Key West doctor defends health care at Lower Keys Medical
Last month, at a contentious district hospital board meeting, Dr. Aydin Atilla, medical director of the Lower Keys Medical Center Emergency Room, was thrust into the spotlight and challenged on the care being provided in the ER.
At the meeting, a handful of individuals asserted that Dr. Atilla yielded an untenable amount of power in the ER. They claimed the needs of patients were either not being met, or were secondary, to other motives and agendas. By now, many in the community have either read or heard versions of those assertions in an online open letter, which was subsequently published in other media outlets. But Dr. Atilla argues that the grumblings of a few individuals, possibly with ulterior motives, were represented as though it was the opinion of the Key West community as a whole.
However, when the Keys Weekly reached out to Dr. Atilla for a response to some of the disparaging accusations, we were surprised to learn that he was (as of press time) never approached for comment by any other media sources. According to Dr. Atilla, many of the public accusations came without specific facts or the full corroborating accounts of all witnesses, which he said left him frustrated and disheartened.
Sitting down with Dr. Atilla provided a different depiction of how healthcare is administered at Lower Keys Medical Center’s ER.
For starters, Dr. Atilla said, he challenges anyone who questions his passion for administering healthcare, along with many of the staff members at the hospital, by simply exploring the other side of the story.
“There are more than 50 physicians working hard everyday — from surgeons, internists, sub-specialists, nurses and-mid level providers,” said Dr. Atilla. “They don’t deserve this. Claiming the hospital is corrupt, just because several patients were disappointed, is a horrifying statement.”
According to Dr. Atilla, the LKMC emergency room treated more than 22,000 patients last year and only received 40 complaints about service. During that time, he said the facility has become more observant to ER guidelines — particularly wait times. For example, those with chest pain must be attended to within 30 minutes and standard visits must be evaluated and admitted within 240 minutes.
“Whether insured or uninsured, care is being provided following strict guidelines and benchmarks,” Dr. Atilla said.
Another accusation made against Dr. Atilla, made by another doctor, asserted that ER physicians are not communicating with patients’ primary care doctors. But Dr. Atilla explained that an ER physician’s mission is different than a primary care physician’s. ER doctors are trained to assess and evaluate immediate care for the patient.
“If presenting symptoms of a heart attack, an ER doctor would consult a cardiologist — not the primary care doctor. One claim against the hospital at the district meeting was that the primary care doctor is not being contacted,” said Dr. Atilla. “There’s no law that says we have to call the primary care physician [when a patient arrives at the ER], but we always strive to do so.”

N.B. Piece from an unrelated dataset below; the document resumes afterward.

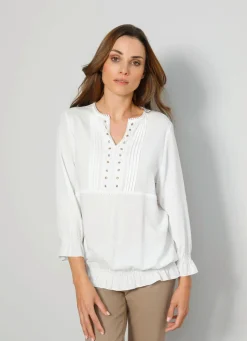 Outlet BADER Schlupfbluse mit Rüschen WEISS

As director, Dr. Atilla said he acts as an ER manager over other doctors. He is on call 15 days a month, on average, and said he usually receives 15 to 25 phone calls a night. He evaluates patient complaints, assesses doctors’ performances and provides additional feedback to improve the care when needed. He also added that ER doctors are independent contractors at LKMC, and his role as manager means he’s often relegated to the role of facilitator, rather than having direct control over the doctors’ fulfillment of his or her duties.
“In that regard, being director doesn’t give you any power at all,” said Dr. Atilla.
Contrary to a published letter sent to Governor Rick Scott from former Key West City Commissioner Harry Bethel, Dr. Atilla stated that once patients are released from the ER, they are told to contact their primary doctors for further treatment.
“Primary care physicians should be at the helm of a patient’s health care,” said Dr. Atilla. “Never, in four years, have I ever abused my role at the ER to promote my own private practice. My practice is full and I am not accepting new patients. In fact, we need more primary care physicians in the Keys because practices are already overtaxed with too many patients.”
Dr. Atilla said that with today’s changing healthcare landscape, the Lower Keys Medical Center is challenged with meeting not only healthcare needs of its patients, but also the financial shortages. He said 40 percent of LKMC ER patients that do not have health insurance, resulting in $2 million in unfunded care.
“Everyone — patient, to doctor, to the hospital — is caught in the tug of war of the overall health care system,” said Dr. Atilla. “But the Lower Keys Medical Center is providing dedicated care to our community.”
Dr. Atilla told the Keys Weekly that he wanted to express his views, not necessarily for closure, but for clarity — and hopefully to allow for future discussions that include “transparency and fairness.”